Malheureusement, sous quelque angle qu'on le regarde, ou à quelque endroit que l'on parcoure cette échine, on est bien en peine pour distinguer cette prétendue charnière et l'examen des affleurements du pied de l'escarpement montre que les couches y sont disposées en succession normale (voir à ce propos le cliché d'affleurement ci-après) ; d'autre part aucun élément de datation ne démontre le passage stratigraphique supposé (par des niveaux marneux) entre Lias moyen et Aalénien. |
En fait la vue de la montagne à distance sous cet angle n'incite vraiment pas à une telle interprétation et l'on est frappé au contraire par l'évidence du manque de toute charnière autant que par le long parallélisme N-S des bandes de strates qui parcourent presque horizontalement le versant. On peut d'ailleurs généraliser cette conclusion à tout le chaînon et dire que, finalement, le chaînon du Mont Joly se caractérise par l'absence de grandes structures visibles dans le paysage, les couches semblant y être simplement empilées parallèlement les unes aux autres.
Toutefois un examen tectonique plus affiné montre que cette disposition résulte d'un empilement de plusieurs tranches de roches, au sein de chacune desquelles on reconnaît (en dépit de la rareté des fossiles) la même séquence stratigraphique du Lias et à la base desquelles se reconnaissent des surfaces de friction tectonique : cette interprétation alternative est celle représentée sur le cliché ci-dessus.

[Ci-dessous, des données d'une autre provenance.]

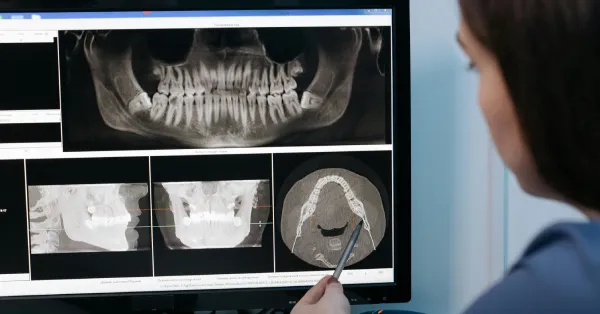 oral-medicine-radiology-in-chitradurga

Il a donc paru pertinent d'essayer d'étayer la vue tectonique d'ensemble par l'observation de structures mineures ayant des caractéristiques susceptibles de fournir des indications sur le style de la déformation et sur la localisation des éventuelles structures de plus grande taille (dont l'évidence échappe à l'examen d'ensemble). Ce sont quelques exemples de telles structures de détail, seulement révélées par une analyse fine, qui sont présentés ci-après.
A/ Vues rapprochées d'affleurements (observations "micro-tectoniques")
1) Détection des flancs inverses par analyse des rapports entre stratification et schistosité :
2) Froissements en bandes de cisaillement peu obliques au couches, par des couples associés synclinal-anticlinal :
Plissotis dans le versant sud-ouest du sommet du Mont Joly Les bancs calcaires, alternés de lits marneux, du Lias moyen sont ici affectés par une bande de froissure par cisaillement qui ne rompt pas les bancs mais les tord en une succession de plis couchés (l'ouest est à gauche) Le cisaillement se fait selon un plan, peu incliné vers l'est, qui est parallèle à la schistosité (s) des lits marneux, cette dernière étant disposée selon un angle très aigu avec les couches. La schistosité des bancs calcaires (c), est plus espacée, et plus fortement inclinée (c'est le phénomène, classique, de la "réfraction"). |
Les deux exemples micro-tectoniques présentés ci-dessus témoignent de ce que la pile des couches du Mont Joly a subi un fort cisaillement* selon des surfaces proches de l'horizontale. Le glissement de la matière, par le jeu des surfaces de schistosité, s'est fait presque parallèlement aux surfaces de couches et avec une faible inclinaison par rapport à l'horizontale, à la façon du glissement (et du froissement éventuel) des feuilles de papier dans une pile que l'on aurait poussé vers l'ouest en appuyant par dessus.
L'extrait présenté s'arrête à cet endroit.